Defendant testified in her own behalf that she came to Greensboro because her common-law husband was born and raised in Greensboro, and his father had been very sick recently so she had been coming to visit him. She also came to Greensboro to buy cheap cigarettes to re-sell in New York. She claimed the cash confiscated by the officers was for buying cigarettes. Forty cartons of cigarettes were found in the car when she was arrested. Defendant testified she had never bought, sold, or used drugs. She said she gave her earlier statement to Detective Barwick because the officers questioning her told her that if she did not help them, she would never see her children again and would go to prison for thirty years.

Prior to instructing the jury, the trial court questioned counsel outside the presence of the jury as to whether Ms. Batten had testified in exchange for a charge reduction. The prosecutor told the court *745that he had offered Ms. Batten, through her attorney, a charge reduction in exchange for her testimony, but that Ms. Batten’s attorney had apparently not informed Ms. Batten of the agreement before she took the stand to testify. He also told the court that he had informed defendant’s counsel of the offer. Defendant did not request to re-call Ms. Batten to inquire again about the charge reduction.
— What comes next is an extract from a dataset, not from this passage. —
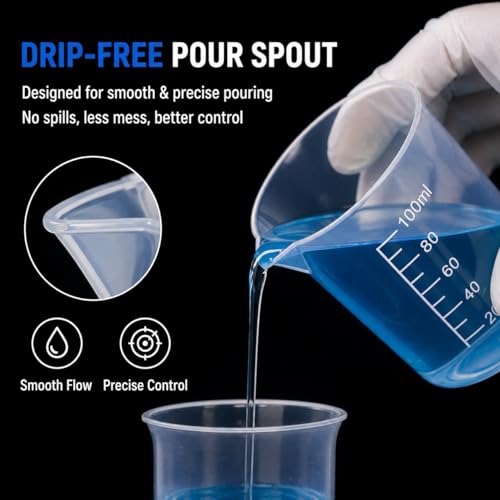 6pcs 3.4oz/100ml Plastic Measuring Cups Plastic Graduated Cup Transparent Scale Resin Clear Graduated Epoxy Mixing Jugs for Kitchen Cooking Medicine Measure Tool - size: 6pcs 100ml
In light of the information concerning the arrangement which had been offered Ms. Batten through her attorney, the trial court informed the parties that he intended to instruct the jury that Ms. Batten had testified pursuant to an agreement for a charge reduction. Neither the State nor the defendant objected to the proposed instruction. The trial court instructed the jury:

[T]here’s also evidence which tends to show that Bonita Batten was testifying under an agreement with the prosecutor for a charge reduction in exchange for her testimony. Again, if you find that she testified in whole or in part for this reason, you should examine her testimony with great care and caution in deciding whether or not to believe it. If after doing so you believe her testimony in whole or in part, you should treat what you believe the same as any other believable testimony.

Defendant did not object to the instruction as given by the trial court.

[1] In addition to the assignments of error contained in the record, defendant has filed a Motion for Appropriate Relief in this Court in which she argues that Ms. Batten’s testimony that she had not been offered a charge reduction or leniency in exchange for her testimony, when in fact the State had made such an offer, violated defendant’s rights to confrontation and due process under the Fifth, Sixth, and Fourteenth Amendments of the United States Constitution, as well as her rights under the North Carolina Constitution. The Motion for Appropriate Relief is. properly before this Court. N.C. Gen. Stat. § 15A-1418(a) (2003). We begin by addressing this argument.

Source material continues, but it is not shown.